I was at a flea market recently and watched as a woman with her daughter, who looked to be about 12, walked up to a table. The woman spotted an item that she recognized, and excitedly picked it up to show her daughter. I remember playing with these as a child, she told the girl, who seemed mildly interested.
The woman was holding up a large paper doll of a little girl with huge round eyes that opened and closed. Lying next to the girl was a paper-doll boy, about the same size.
Paper dolls bring out the nostalgia in adults – especially baby-boomer females – who remember their hours of selfish fun swapping out clothes on them. I have a sense of playing with paper dolls, but I don’t have any memory.
But I am drawn to them, and I do bid on them at auction. I’ve picked up illustrator Grace Drayton’s Dolly Dingle paper dolls with the round rosy cheeks from the pages of Pictorial Review magazine from the early 1900s, along with other dolls and outfits from the magazine. Drayton created the Campbell Soup Kids.
Recently at auction, I got a paper doll of a little girl – of normal paper-doll size – with 13 outfits, including a bathing suit, party dress, cardigan-and-skirt outfits, and winter suit with fur collar and hat. She and her clothes looked to be from the 1950s.
What was amazing was that the doll and her clothes were all hand-colored, very detailed and in good condition. The paper was starting to curve on some of the outfits, but the colors were still fresh and clean. Did someone make these for her? Were they purchased for her from an artist? Was she the model for this doll?
Even the box they came in was interesting: It had drawings of Washington, D.C., monuments, including the White House, Supreme Court, Capitol, Arlington Memorial Amphitheater and Washington Monument. Looked like the little girl had hijacked the box for her doll and clothes.
There was also a note written in ink: “Carroll Jan has sleeves in her bathing suit – because her shoulders freckle – and she doesn’t like them to.” The paper doll had no freckles. Did its owner? And was Carroll Jan the child’s name or the name she gave her paper doll? Or neither? That’s what I love about auction finds – so much mystery.
I have never come across a black paper doll, but my auction buddy bought a reproduction once at a collectibles show. It was an articulated paper doll, with brass pins attaching the legs and arms to the body to make them mobile.
I saw a similar one in a Washington Post article from 2006 about an exhibit of African American paper dolls at the Smithsonian’s Anacostia Community Museum in Washington. The dolls were in the collection of Arabella Grayson, who had been collecting for 10 years. The exhibit included dolls from the 1800s to the 1960s (Topsey from “Uncle Tom’s Cabin,” Aunt Jemima and Little Black Sambo) to contemporary times (Tiger Woods, Eartha Kitt and a black Miss America).

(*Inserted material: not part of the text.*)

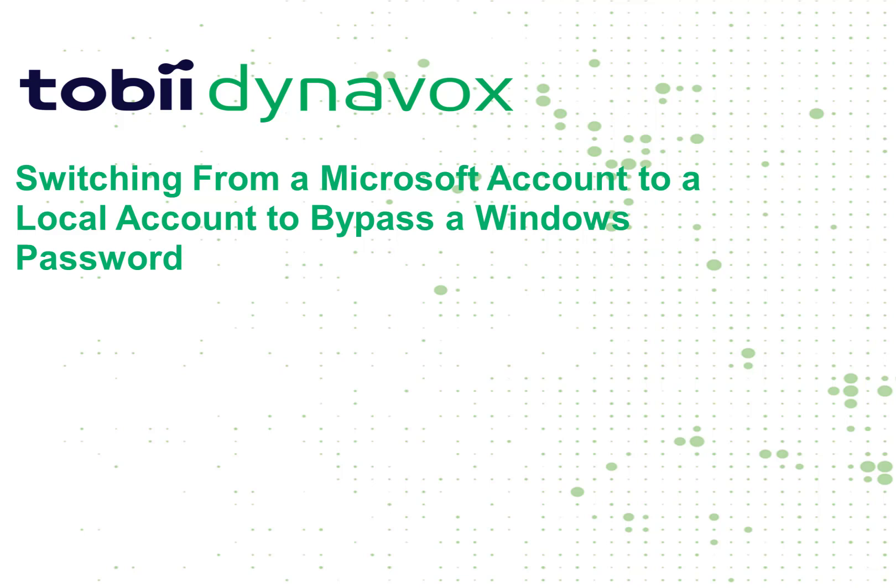Hi everyone! Today I'm going to show you how to switch from a Microsoft account to a local account in order to bypass your Windows password.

In my research, I found some more modern black paper dolls, several produced by Tom Tierney, a well-known creator of such dolls: Barack and Michelle Obama, famous African American actresses and women, and a Native American girl.
Paper dolls began showing up in the West around the 18th century, according to my Google research. Early on, they were colored by hand and did not include tabs. By the early part of 20th century, some American magazines were printing paper dolls on their pages. Since 1962, the Barbie paper doll has become the most popular among children, according to one website.
Paper dolls are still around. There are paper-doll artists, paper-doll bloggers and paper-doll collectors. The Original Paper Doll Artists Guild promotes the hobby and offers advice for those interested in starting a collection.